** Opening Data for this task block **

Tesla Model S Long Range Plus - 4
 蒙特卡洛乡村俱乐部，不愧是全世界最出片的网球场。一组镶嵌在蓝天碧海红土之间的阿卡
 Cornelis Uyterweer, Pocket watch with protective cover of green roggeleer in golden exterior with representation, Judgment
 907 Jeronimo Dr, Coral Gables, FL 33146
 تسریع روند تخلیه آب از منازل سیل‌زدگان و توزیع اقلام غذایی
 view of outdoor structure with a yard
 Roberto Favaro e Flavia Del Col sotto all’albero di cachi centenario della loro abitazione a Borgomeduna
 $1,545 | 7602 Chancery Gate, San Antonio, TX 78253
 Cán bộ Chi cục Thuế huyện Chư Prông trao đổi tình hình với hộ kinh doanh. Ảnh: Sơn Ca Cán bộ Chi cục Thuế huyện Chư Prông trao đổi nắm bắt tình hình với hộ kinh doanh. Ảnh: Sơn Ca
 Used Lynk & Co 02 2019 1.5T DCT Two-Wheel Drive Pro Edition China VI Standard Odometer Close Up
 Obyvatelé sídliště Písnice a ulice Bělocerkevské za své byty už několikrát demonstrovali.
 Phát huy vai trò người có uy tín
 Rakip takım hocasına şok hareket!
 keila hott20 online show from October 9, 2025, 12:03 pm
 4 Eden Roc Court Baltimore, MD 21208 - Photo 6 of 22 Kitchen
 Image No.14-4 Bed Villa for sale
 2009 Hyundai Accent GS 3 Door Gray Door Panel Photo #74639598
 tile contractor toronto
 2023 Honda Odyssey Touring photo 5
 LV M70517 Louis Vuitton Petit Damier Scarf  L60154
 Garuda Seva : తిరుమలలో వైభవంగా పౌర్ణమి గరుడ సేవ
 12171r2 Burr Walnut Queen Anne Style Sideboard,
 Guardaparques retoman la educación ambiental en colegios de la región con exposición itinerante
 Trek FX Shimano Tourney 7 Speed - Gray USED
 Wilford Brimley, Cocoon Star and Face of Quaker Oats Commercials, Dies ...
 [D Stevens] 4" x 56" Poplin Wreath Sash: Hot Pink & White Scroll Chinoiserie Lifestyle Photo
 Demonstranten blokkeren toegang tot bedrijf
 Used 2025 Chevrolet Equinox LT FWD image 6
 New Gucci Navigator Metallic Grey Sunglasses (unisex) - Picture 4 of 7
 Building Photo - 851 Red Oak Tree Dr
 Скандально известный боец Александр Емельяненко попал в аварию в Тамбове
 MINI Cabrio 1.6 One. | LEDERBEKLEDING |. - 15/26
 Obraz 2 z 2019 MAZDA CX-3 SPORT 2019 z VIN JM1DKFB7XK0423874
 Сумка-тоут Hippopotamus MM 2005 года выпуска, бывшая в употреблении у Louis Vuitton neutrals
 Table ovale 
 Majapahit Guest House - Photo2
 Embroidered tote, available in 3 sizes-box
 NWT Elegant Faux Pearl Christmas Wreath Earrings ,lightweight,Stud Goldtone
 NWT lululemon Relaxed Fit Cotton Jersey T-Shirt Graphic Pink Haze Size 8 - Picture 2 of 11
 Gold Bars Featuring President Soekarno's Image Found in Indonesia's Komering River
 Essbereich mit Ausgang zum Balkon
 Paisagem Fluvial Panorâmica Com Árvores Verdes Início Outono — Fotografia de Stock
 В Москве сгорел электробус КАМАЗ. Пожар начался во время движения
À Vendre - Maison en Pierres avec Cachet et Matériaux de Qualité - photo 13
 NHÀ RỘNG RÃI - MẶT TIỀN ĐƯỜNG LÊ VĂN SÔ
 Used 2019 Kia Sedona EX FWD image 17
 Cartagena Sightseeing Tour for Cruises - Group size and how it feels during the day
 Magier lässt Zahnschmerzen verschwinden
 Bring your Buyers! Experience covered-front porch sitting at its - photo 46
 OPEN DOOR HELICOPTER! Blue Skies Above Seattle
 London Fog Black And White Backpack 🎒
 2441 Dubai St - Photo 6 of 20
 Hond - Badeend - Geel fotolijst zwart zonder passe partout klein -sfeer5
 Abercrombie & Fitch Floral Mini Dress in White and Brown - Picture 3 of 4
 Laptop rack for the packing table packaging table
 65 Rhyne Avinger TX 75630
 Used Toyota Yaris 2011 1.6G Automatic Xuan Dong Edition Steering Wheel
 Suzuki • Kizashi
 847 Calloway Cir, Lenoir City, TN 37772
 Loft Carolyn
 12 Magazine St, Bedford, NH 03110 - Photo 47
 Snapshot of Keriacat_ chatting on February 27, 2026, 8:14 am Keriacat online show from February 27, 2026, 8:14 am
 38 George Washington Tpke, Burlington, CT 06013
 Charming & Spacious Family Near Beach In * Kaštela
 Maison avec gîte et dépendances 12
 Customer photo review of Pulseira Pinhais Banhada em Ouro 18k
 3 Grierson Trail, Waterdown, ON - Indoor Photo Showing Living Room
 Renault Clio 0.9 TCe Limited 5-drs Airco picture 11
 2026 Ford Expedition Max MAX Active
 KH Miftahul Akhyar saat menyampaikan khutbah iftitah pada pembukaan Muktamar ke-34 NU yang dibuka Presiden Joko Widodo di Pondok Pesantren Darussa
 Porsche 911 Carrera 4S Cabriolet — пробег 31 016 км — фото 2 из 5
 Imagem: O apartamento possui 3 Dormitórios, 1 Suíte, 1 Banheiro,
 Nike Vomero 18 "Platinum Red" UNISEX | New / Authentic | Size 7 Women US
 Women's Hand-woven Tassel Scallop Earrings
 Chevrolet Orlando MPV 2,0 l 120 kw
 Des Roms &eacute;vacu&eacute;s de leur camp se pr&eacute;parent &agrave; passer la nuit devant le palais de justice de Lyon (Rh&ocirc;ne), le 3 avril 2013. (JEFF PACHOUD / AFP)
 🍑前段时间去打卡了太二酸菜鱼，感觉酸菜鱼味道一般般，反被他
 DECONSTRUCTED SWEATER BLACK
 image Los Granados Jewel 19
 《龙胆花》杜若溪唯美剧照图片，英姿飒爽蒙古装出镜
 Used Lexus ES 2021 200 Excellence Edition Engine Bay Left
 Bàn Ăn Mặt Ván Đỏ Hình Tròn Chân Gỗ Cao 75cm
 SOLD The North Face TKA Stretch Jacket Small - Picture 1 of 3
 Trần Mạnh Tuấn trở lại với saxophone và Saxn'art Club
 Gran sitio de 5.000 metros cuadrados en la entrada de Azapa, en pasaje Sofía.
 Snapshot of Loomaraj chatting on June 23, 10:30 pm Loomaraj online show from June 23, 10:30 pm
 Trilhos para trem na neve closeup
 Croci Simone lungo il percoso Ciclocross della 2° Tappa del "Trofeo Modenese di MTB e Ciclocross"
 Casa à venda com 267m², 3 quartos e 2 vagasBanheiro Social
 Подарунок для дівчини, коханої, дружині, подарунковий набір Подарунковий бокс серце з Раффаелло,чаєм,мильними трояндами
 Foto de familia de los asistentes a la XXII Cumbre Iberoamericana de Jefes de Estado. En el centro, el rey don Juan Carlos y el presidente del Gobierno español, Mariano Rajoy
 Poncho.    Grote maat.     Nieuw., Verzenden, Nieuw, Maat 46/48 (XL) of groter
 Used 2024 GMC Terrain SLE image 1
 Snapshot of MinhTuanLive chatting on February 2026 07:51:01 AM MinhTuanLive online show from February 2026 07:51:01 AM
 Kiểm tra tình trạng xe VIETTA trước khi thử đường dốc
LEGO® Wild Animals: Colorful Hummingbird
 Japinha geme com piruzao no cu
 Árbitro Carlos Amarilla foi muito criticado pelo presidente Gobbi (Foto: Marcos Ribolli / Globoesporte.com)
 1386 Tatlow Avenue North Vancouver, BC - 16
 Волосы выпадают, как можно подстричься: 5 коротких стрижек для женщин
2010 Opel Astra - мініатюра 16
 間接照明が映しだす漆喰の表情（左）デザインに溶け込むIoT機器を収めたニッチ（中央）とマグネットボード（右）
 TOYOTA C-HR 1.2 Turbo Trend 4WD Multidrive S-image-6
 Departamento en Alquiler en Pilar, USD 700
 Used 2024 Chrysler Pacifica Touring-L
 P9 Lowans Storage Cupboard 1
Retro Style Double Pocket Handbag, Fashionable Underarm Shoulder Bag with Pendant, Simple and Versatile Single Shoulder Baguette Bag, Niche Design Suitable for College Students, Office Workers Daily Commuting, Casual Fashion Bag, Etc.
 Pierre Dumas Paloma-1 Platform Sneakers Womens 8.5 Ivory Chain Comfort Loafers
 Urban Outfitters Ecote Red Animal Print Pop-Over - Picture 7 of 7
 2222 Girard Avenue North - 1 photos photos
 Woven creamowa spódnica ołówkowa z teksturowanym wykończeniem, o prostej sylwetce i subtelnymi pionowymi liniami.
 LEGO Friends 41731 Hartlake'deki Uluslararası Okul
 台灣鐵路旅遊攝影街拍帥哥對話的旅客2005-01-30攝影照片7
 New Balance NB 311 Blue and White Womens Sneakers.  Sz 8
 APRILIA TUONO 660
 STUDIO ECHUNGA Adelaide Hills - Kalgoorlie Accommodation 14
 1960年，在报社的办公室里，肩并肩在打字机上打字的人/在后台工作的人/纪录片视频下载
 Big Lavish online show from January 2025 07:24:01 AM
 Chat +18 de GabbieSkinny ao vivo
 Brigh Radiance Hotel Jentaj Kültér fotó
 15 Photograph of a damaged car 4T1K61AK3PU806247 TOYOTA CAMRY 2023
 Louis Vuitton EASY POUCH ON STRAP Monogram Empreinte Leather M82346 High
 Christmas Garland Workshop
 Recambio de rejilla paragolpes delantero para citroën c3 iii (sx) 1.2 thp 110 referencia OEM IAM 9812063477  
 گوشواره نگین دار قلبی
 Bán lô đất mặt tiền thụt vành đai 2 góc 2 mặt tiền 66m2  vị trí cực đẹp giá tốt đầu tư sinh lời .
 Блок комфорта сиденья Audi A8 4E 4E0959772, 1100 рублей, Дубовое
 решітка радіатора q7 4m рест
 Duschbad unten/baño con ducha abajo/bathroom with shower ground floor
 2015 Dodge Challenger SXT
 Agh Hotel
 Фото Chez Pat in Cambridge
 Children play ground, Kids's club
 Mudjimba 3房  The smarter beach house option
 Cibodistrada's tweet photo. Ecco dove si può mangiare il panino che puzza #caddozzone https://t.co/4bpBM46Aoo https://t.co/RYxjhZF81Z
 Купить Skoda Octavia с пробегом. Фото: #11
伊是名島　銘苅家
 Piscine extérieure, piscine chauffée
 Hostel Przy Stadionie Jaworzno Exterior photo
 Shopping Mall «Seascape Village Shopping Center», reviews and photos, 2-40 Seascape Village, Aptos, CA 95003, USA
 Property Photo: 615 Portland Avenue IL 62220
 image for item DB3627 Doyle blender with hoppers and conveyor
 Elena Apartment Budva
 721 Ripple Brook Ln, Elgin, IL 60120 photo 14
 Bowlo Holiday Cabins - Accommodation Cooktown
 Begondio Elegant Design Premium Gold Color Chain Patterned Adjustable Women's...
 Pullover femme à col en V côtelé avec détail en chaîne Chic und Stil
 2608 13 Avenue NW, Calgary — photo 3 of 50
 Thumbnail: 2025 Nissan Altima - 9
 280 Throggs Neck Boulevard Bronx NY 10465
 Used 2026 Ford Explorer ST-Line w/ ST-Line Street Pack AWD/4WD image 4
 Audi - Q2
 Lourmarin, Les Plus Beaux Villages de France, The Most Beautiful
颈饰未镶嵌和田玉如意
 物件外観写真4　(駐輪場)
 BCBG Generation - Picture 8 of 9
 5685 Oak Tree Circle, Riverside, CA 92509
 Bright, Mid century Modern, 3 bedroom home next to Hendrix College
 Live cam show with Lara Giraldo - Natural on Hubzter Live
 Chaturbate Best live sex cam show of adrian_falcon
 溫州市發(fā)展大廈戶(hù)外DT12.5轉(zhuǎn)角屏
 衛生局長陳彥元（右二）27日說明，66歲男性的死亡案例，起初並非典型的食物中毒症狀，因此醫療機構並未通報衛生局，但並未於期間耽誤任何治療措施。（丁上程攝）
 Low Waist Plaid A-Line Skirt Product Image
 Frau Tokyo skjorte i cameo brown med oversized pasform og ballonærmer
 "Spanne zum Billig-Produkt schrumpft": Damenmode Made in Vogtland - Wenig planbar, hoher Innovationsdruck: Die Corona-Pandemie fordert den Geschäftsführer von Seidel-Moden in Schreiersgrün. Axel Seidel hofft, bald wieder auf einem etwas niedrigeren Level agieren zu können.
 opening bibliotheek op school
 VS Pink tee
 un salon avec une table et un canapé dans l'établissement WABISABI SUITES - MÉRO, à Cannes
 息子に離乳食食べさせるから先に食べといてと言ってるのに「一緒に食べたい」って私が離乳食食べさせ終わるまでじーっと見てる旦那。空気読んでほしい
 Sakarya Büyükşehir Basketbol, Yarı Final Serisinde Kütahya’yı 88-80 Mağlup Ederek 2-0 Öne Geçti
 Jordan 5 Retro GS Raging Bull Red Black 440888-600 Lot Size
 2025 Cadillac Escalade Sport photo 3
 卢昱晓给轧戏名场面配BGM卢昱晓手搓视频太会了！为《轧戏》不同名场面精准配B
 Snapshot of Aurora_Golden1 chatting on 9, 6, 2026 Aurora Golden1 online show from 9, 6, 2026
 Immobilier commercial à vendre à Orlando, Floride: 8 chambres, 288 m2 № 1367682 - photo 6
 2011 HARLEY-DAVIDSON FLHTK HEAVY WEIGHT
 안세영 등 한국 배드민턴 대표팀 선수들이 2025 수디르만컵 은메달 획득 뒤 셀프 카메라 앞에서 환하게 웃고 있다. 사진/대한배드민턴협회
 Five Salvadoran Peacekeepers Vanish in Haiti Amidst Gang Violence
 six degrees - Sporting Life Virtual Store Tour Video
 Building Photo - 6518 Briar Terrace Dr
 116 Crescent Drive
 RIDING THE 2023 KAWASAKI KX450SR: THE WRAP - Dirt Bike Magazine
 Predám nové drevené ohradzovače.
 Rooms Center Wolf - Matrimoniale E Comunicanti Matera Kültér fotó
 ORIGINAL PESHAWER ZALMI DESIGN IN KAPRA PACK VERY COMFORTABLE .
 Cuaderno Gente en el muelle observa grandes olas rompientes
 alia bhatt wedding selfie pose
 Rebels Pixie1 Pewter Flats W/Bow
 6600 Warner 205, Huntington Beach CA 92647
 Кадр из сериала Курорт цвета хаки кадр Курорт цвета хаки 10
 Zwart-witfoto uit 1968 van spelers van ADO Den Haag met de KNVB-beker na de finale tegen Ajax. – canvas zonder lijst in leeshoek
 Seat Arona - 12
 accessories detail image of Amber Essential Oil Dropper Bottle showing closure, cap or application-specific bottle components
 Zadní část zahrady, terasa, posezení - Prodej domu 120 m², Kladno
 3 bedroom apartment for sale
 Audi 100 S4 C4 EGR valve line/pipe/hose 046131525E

** Closing Data for this task block **

_Your task_
In the listing above, find the line with "APRILIA TUONO 660" and the line with "Фото Chez Pat in Cambridge"; output exactly those lines and all lines between them.

_Exercise answer_
 APRILIA TUONO 660
 STUDIO ECHUNGA Adelaide Hills - Kalgoorlie Accommodation 14
 1960年，在报社的办公室里，肩并肩在打字机上打字的人/在后台工作的人/纪录片视频下载
 Big Lavish online show from January 2025 07:24:01 AM
 Chat +18 de GabbieSkinny ao vivo
 Brigh Radiance Hotel Jentaj Kültér fotó
 15 Photograph of a damaged car 4T1K61AK3PU806247 TOYOTA CAMRY 2023
 Louis Vuitton EASY POUCH ON STRAP Monogram Empreinte Leather M82346 High
 Christmas Garland Workshop
 Recambio de rejilla paragolpes delantero para citroën c3 iii (sx) 1.2 thp 110 referencia OEM IAM 9812063477  
 گوشواره نگین دار قلبی
 Bán lô đất mặt tiền thụt vành đai 2 góc 2 mặt tiền 66m2  vị trí cực đẹp giá tốt đầu tư sinh lời .
 Блок комфорта сиденья Audi A8 4E 4E0959772, 1100 рублей, Дубовое
 решітка радіатора q7 4m рест
 Duschbad unten/baño con ducha abajo/bathroom with shower ground floor
 2015 Dodge Challenger SXT
 Agh Hotel
 Фото Chez Pat in Cambridge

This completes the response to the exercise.